====== RECORDED DATA

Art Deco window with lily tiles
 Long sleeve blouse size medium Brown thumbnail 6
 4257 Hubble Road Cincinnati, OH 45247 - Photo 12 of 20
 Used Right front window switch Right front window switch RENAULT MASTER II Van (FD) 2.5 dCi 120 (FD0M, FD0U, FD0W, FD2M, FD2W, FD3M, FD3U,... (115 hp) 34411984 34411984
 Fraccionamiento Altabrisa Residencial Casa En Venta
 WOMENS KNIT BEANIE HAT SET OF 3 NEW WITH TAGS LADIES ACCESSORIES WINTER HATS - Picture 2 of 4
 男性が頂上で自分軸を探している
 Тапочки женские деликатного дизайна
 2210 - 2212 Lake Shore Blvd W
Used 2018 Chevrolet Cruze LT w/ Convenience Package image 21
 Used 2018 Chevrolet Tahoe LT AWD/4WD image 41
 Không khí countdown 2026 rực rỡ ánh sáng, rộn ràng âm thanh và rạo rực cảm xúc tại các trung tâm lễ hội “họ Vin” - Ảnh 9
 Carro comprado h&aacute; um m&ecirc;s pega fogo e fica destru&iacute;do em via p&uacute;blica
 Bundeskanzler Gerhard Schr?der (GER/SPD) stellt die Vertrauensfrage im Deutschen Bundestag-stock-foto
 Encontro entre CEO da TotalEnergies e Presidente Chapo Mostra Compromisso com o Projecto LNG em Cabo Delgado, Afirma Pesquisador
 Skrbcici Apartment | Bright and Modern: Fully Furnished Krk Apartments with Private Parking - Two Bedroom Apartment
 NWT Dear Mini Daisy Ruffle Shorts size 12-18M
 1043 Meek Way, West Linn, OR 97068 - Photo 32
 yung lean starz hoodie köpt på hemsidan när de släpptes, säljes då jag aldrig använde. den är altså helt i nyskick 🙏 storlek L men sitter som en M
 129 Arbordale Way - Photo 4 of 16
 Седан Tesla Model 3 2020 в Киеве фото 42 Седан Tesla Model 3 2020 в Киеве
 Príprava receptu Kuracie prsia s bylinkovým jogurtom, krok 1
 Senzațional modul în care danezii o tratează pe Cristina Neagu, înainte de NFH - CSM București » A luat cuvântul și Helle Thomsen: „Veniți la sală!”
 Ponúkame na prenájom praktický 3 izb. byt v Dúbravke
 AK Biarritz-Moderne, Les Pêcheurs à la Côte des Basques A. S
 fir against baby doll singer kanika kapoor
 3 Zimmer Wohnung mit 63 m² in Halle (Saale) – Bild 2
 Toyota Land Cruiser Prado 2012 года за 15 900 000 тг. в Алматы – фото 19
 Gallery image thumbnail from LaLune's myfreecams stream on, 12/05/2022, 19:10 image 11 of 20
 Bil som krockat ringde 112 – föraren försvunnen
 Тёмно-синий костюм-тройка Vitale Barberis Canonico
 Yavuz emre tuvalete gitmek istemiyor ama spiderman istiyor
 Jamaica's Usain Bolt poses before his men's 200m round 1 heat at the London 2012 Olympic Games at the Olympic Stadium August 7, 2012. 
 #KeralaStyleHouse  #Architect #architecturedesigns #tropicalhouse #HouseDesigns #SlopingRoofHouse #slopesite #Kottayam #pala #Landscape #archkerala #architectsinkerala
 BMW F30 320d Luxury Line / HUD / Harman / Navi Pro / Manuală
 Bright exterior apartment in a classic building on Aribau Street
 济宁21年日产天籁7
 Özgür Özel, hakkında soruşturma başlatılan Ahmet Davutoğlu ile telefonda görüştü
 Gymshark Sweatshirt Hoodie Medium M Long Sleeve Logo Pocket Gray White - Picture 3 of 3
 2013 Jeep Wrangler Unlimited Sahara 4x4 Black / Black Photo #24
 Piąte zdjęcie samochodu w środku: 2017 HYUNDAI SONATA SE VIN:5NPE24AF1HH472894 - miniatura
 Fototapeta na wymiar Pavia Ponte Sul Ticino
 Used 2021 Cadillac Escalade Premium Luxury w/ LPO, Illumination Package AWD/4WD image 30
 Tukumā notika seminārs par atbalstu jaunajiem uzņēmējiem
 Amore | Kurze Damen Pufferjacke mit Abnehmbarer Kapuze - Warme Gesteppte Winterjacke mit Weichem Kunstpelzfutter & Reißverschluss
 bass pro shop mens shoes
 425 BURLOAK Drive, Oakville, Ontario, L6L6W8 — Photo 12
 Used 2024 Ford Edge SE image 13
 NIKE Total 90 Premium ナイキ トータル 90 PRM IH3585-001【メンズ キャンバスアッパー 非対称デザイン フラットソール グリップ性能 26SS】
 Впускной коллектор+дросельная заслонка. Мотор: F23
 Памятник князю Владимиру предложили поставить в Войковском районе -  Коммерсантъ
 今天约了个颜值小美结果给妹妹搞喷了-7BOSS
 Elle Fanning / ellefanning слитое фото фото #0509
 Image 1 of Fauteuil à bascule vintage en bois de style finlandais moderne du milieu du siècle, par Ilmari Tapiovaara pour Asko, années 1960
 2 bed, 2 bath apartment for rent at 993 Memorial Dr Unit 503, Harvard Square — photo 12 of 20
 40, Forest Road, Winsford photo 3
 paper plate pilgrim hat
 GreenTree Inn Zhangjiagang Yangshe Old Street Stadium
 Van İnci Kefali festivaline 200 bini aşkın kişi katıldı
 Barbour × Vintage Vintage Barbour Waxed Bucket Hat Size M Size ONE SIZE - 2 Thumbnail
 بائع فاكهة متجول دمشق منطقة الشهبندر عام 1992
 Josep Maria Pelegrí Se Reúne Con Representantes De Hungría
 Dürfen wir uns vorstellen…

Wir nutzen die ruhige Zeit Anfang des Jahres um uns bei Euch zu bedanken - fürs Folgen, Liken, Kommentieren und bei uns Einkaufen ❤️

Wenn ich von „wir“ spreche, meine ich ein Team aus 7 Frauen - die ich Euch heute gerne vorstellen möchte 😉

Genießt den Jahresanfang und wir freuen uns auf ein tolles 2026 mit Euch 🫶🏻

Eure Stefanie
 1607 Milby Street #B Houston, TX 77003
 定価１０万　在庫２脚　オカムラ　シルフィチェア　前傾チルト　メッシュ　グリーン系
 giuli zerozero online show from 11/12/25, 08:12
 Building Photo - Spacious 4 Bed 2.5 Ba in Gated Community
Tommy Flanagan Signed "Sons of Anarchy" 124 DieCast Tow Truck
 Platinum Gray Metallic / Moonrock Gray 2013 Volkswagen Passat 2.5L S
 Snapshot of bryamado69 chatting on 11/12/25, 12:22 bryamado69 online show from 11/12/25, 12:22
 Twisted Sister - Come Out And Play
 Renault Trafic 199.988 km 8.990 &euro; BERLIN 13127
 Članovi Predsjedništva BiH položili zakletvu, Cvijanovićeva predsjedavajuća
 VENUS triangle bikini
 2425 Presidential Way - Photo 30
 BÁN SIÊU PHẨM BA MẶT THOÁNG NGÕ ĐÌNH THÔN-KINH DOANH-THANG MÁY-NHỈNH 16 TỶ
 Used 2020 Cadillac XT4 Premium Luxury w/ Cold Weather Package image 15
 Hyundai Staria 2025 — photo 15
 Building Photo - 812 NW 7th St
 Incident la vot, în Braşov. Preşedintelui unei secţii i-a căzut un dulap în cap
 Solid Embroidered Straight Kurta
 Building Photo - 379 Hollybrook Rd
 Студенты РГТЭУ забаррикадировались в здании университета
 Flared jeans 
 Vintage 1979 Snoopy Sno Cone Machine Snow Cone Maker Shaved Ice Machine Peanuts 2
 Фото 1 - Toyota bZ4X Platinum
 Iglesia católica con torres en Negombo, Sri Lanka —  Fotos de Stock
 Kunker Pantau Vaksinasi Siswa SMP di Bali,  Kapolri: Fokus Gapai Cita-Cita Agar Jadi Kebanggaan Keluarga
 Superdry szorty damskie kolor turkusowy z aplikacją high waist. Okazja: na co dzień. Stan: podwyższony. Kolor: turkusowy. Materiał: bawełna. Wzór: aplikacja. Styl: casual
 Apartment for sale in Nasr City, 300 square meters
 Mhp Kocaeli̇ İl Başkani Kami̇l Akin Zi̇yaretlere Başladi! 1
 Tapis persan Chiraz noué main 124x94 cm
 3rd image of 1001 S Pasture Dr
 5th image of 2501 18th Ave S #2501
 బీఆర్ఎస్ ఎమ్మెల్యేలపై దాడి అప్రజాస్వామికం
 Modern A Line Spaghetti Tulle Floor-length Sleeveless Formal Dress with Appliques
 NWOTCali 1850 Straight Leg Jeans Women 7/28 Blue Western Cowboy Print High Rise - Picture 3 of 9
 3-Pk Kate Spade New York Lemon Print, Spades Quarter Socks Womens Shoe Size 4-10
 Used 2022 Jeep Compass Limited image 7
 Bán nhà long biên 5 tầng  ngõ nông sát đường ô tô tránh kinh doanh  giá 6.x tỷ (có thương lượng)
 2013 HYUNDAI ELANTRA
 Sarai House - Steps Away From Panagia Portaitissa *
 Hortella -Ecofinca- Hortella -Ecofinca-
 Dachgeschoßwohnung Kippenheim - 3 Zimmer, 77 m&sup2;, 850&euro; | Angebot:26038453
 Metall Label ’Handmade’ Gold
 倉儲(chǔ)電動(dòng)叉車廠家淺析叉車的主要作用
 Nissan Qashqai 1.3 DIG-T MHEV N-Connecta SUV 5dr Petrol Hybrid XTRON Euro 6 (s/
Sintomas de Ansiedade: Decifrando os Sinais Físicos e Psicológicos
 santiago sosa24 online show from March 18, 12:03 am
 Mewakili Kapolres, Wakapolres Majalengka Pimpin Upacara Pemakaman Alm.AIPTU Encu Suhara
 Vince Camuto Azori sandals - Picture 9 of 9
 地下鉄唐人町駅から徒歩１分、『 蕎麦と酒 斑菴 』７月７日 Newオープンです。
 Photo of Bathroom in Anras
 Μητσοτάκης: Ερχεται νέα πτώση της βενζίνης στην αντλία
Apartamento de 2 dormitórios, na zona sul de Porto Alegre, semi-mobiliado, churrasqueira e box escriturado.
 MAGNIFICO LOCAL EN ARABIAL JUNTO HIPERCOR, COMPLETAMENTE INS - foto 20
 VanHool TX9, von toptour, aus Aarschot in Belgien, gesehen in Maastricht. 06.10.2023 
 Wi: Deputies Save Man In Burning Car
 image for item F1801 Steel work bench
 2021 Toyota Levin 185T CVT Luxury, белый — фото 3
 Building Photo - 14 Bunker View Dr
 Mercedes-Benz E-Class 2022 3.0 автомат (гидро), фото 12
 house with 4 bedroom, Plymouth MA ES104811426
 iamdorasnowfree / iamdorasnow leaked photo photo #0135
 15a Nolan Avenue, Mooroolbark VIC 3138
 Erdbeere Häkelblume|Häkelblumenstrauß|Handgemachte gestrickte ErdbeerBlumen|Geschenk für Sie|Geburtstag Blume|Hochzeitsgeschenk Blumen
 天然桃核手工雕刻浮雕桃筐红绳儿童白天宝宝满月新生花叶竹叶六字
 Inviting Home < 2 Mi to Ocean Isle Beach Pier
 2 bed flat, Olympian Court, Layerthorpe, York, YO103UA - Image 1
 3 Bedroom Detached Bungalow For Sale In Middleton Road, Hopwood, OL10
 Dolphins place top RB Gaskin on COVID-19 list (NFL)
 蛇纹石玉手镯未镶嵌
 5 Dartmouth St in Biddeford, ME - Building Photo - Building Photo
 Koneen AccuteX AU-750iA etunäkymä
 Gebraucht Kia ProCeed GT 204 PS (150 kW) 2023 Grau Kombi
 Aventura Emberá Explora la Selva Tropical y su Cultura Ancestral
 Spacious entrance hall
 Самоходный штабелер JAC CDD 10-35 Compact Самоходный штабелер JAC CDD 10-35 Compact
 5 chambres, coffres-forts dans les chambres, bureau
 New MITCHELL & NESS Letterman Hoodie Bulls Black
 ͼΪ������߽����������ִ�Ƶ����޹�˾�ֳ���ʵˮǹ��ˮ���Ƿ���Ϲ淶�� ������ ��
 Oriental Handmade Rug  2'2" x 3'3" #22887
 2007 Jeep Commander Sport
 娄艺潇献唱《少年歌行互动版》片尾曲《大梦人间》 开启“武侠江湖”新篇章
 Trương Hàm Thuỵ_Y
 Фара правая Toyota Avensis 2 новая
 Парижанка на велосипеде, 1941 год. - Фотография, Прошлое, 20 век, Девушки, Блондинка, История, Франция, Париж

============

TASK DESCRIPTION: Take the lines above from the one containing "Jamaica's Usain Bolt" down to the one containing "GreenTree Inn Zhangjiagang", and transcribe them exactly, both ends included.

ANSWER AREA:
 Jamaica's Usain Bolt poses before his men's 200m round 1 heat at the London 2012 Olympic Games at the Olympic Stadium August 7, 2012. 
 #KeralaStyleHouse  #Architect #architecturedesigns #tropicalhouse #HouseDesigns #SlopingRoofHouse #slopesite #Kottayam #pala #Landscape #archkerala #architectsinkerala
 BMW F30 320d Luxury Line / HUD / Harman / Navi Pro / Manuală
 Bright exterior apartment in a classic building on Aribau Street
 济宁21年日产天籁7
 Özgür Özel, hakkında soruşturma başlatılan Ahmet Davutoğlu ile telefonda görüştü
 Gymshark Sweatshirt Hoodie Medium M Long Sleeve Logo Pocket Gray White - Picture 3 of 3
 2013 Jeep Wrangler Unlimited Sahara 4x4 Black / Black Photo #24
 Piąte zdjęcie samochodu w środku: 2017 HYUNDAI SONATA SE VIN:5NPE24AF1HH472894 - miniatura
 Fototapeta na wymiar Pavia Ponte Sul Ticino
 Used 2021 Cadillac Escalade Premium Luxury w/ LPO, Illumination Package AWD/4WD image 30
 Tukumā notika seminārs par atbalstu jaunajiem uzņēmējiem
 Amore | Kurze Damen Pufferjacke mit Abnehmbarer Kapuze - Warme Gesteppte Winterjacke mit Weichem Kunstpelzfutter & Reißverschluss
 bass pro shop mens shoes
 425 BURLOAK Drive, Oakville, Ontario, L6L6W8 — Photo 12
 Used 2024 Ford Edge SE image 13
 NIKE Total 90 Premium ナイキ トータル 90 PRM IH3585-001【メンズ キャンバスアッパー 非対称デザイン フラットソール グリップ性能 26SS】
 Впускной коллектор+дросельная заслонка. Мотор: F23
 Памятник князю Владимиру предложили поставить в Войковском районе -  Коммерсантъ
 今天约了个颜值小美结果给妹妹搞喷了-7BOSS
 Elle Fanning / ellefanning слитое фото фото #0509
 Image 1 of Fauteuil à bascule vintage en bois de style finlandais moderne du milieu du siècle, par Ilmari Tapiovaara pour Asko, années 1960
 2 bed, 2 bath apartment for rent at 993 Memorial Dr Unit 503, Harvard Square — photo 12 of 20
 40, Forest Road, Winsford photo 3
 paper plate pilgrim hat
 GreenTree Inn Zhangjiagang Yangshe Old Street Stadium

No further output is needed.